The mental health plan was developed by the county’s 19-member Mental Illness and Addiction Ad Hoc Advisory Committee and was passed by the Collier County Board of Commissioners in 2019. It started in 2020 and has six priority areas, which all aim to address the increased demand for crisis support in the county. The behavioral health training addresses two of the priorities of the plan, community education and advocacy, and furthers mental health and addiction initiatives throughout the criminal justice system.
Collier County Judge Janeice Martin has experience dealing with local mental health issues, acting as the presiding judge of all three treatment courts—drug, mental health and veteran. Before she arrived on the bench almost 15 years ago, she attended a Crisis Intervention Team program on behavioral health.
“[The class] has informed me every day in the almost 15 years since I have been on the bench,” Martin said.
The more than 1,400 members of Collier County law enforcement have gone through the training, improving officers’ ability to safely divert those with mental illness from the criminal justice system and help develop a further sense of sensitivity and empathy for those with mental health issues. The training the coalition has developed for justice professionals is a scaled-down version of the CIT program, focusing on the essential elements and bundled into an 8-hour course.

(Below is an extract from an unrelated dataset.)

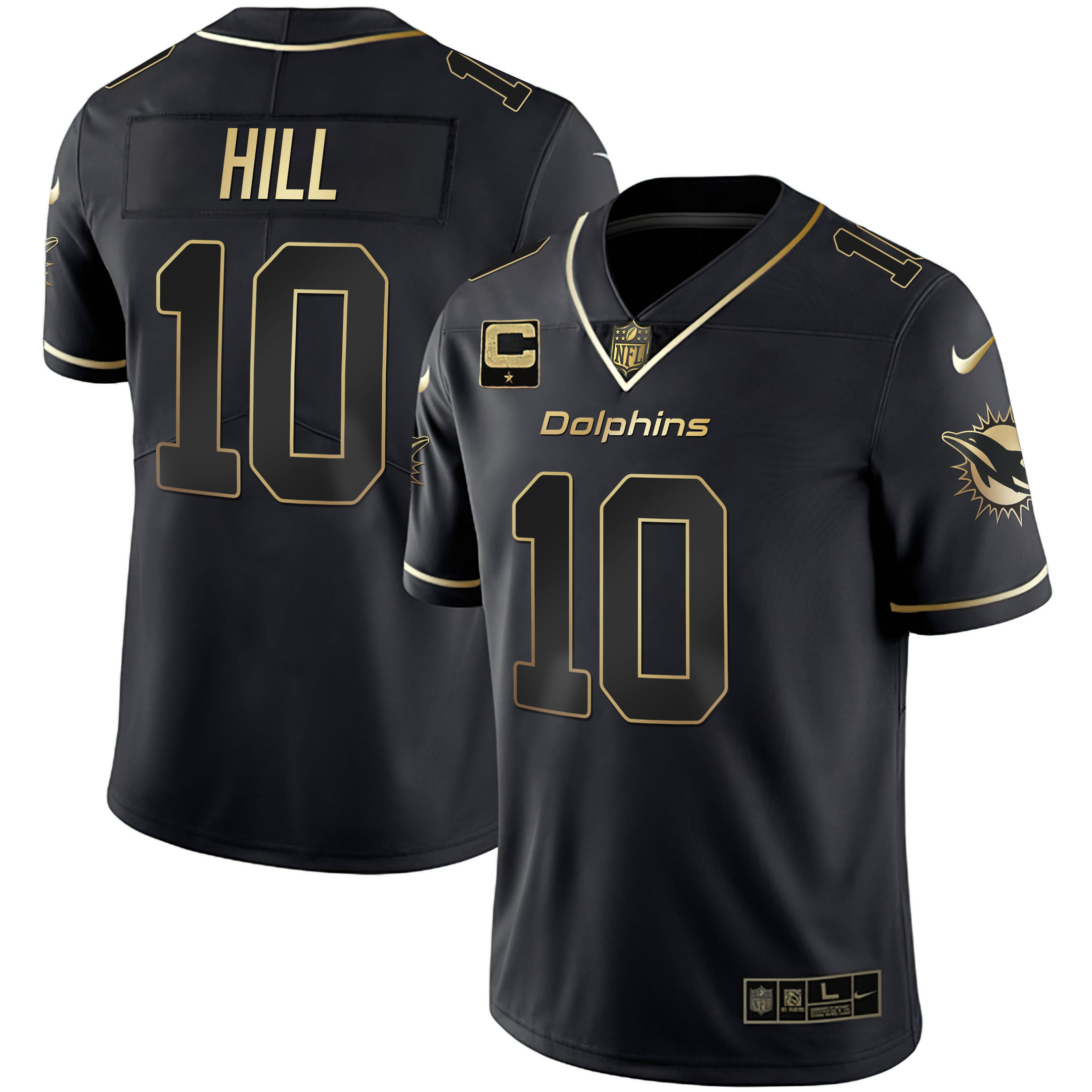 Men's Dolphins White Gold & Black Gold Jersey - All Stitched - Image 16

The coalition held its first training last month at the Collier County Courthouse with help from local experts, including Martin and Lt. Leslie Weidenhammer. Weidenhammer runs the sheriff’s office’s Mental Health Unit.
“On my wish list for many years has been the thought that, wouldn’t it be great if everybody who works in this building, not just in the criminal division, but also civil—family, probate, guardianship, domestic violence—understands what’s driving the behaviors we’re seeing,” Martin said.

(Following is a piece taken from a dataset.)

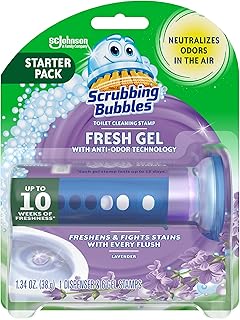 Scrubbing Bubbles Fresh Gel Toilet Bowl Cleaning Stamps, Helps Keep Toilet Clean and Helps Prevent Limescale & Rings, Lavender Scent, 1 Dispenser with 6 Fresh Gel Stamps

Collier County Sheriff Kevin Rambosk gave opening remarks at the coalition’s training Dec. 8, citing the importance of the training and beating the stigma behind mental illness. He was introduced to the CIT program in 2008.
“Prior to [the CIT] we had very limited training. Law enforcement, I think, had two hours, early on. And I remember back when I was on the road and we would run into circumstances where individuals were in crisis, we didn’t know what crisis meant,” Rambosk said. “Unfortunately, we probably didn’t treat them with the respect that they deserved at the time. But more importantly, we didn’t know how to handle what we were seeing.”
Rambosk said the training will ultimately help those in the community who are in crisis get the help they need more quickly as justice professionals will be more confident in de-escalating a crisis situation and transferring them to a proper facility.
“The goal still is, if you’ve not been involved in a violent act or hurt someone else, we want to get you to treatment, that’s the goal,” Rambosk said. “Because if we are unable to do that, we will just be holding onto you for much longer than is necessary, right and desired by us. You don’t want us to treat you for mental health, you want a professional organization to do that.”
The coalition’s goal is to repeat the training until everyone working in the local courthouse has the opportunity to participate. Martin seeks to roll the program out to all five counties in the 20th Judicial Circuit as soon as possible. Those counties include Charlotte, Collier, Glades, Hendry and Lee.
“Our goal was to make it easily replicated by other communities and that they would bring in their local experts, tailor it to their group, and repeat it,” Martin said. “We think it’s got legs, we think it could be replicated.”